Hari Pangan Sedunia, Apa Yang Dibawa Maluku?
Ironisnya, jika ada pengunjung yang datang ke stand pameran Maluku dan bertanya, “Pak produksi sagu di Maluku berapa ton per tahun,? Berapa luasan pohon sagu di Maluku?” Pertanyaan ini pasti ada, karena konsep pengembangan pertanian tentunya sudah berbasis data dan teruji secara statestik. Dan sudah pasti berorientasi industry.
Yang paling menohok nanti jika ada pertanyaan seperti ini, “Produk turunan dari bahan dasar sagu apa saja yang sudah dikembangkan di Maluku”?..
Jawaban kita pasti “Sudah jadi sagu tumbuh, papeda, sagu lempeng dan bagea,”. Ohh gitu ya pak. “Boleh kami minta hasil olahannya,”? Kita pun lantas meraih sagu tumbu yang ikut dibawa kesana dengan kemasan mentereng itu dan disuguhkan kepada pengunjung pameran.
“Wah, enak juga ya? Apa namanya ini pak? Si penjaga stand Maluku lantas menjawab itu sagu tumbu. Karena sudah dipuji, lantas riwayat sagu tumbuh pun jadi panjang.
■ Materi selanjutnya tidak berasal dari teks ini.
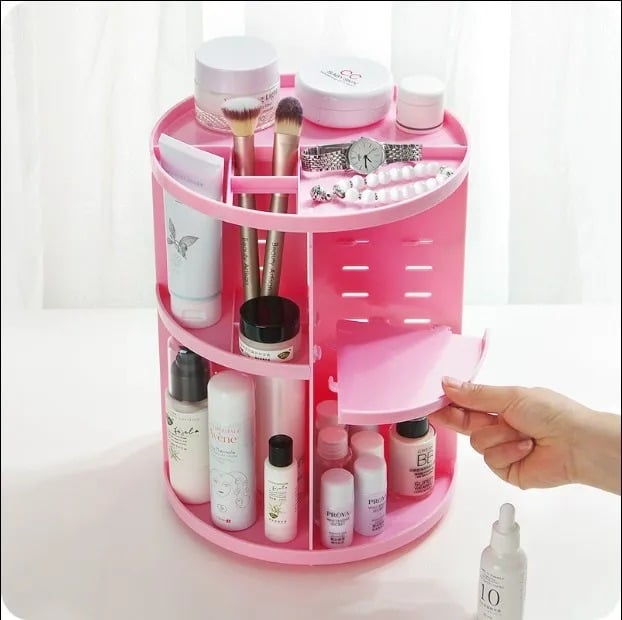 360 Rotating Cosmetic & Jewellery Organizer – Large Capacity, Adjustable Shelves, Space-Saving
Si pengunjung tambah penasaran, lantas meminta lagi “Saya boleh mencicipi sagu lempeng,?
Oh, tentu silahkan mencoba. Sagu lempeng dari Maluku juga dikemas apik dengan lebel bikinan mendadak. “Wah, keras juga ya pak,” si pengunjung mencoba mengunya dengan gigitan yang cukup kuat, tapi sagunya tak mau hancur, yang dirasakan hanya seperti butiran pasir tanpa rasa. Karena memang sagu harus dilahap dengan teman sejatinya. Kan tidak mungkin kita menyuguhkan kuah ikan.
Karena masih penasaran dia pun meminta bagea. Setelah dicoba pengunjung pun terdiam. Apa gerangan yang terjadi. Dia takut giginya patah, sebab tempaan gigi pengunjung di lempengan sagu, baru saja nyaris mematahkan giginya.
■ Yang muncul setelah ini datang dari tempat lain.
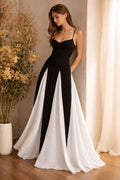 Black & White Contrast Maxi Dress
Pengunjung lantas berlalu dengan berdecak dalam hati, “Makanannya kayak batu. Sudah keras, tanpa rasa pula,”
Akan sangat berbeda, jika pengunjung disuguhkan embal kasbi hasil home industry perajin di Maluku Tenggara. Pastinya akan lain lagi ceritanya, karena dari sisi teknologi, inovasi dan pengembangan jenis pangan ini sudah makin mantap. Variasi keju, gula dan kacang yang menyatu dengan olahan embal akan membuat setiap pengunjung berdecak kagum. Sayangnya, embal yang berbahan baku kasbi itu, tidak setenar sagu yang sudah identik dengan masyarakat Maluku pada umumnya.
Mungkin itulah performa kita di HPS. Tiba masa tiba akal, dan kita tetap hadir di stand-stand pameran dengan pangan-pangan lokal yang dari tahun ke tahun selalu sama dalam sisi tampilan isi dan bentuk, meski beda dalam kemasan.
Sebagai orang Maluku, kita hanya khawatir jangan sampai pengunjung yang sudah berkunjung ke stand pameran Maluku, lantas menyempatkan diri mampir ke stand pameran milik Provinsi Kepulauan Riau (Kepri). Apa jadinya kalau dia juga menemukan pangan sagu? Pasti akan terasa sangat jauh berbada dari sisi rasa, tampilan kemasan dan juga bentuknya.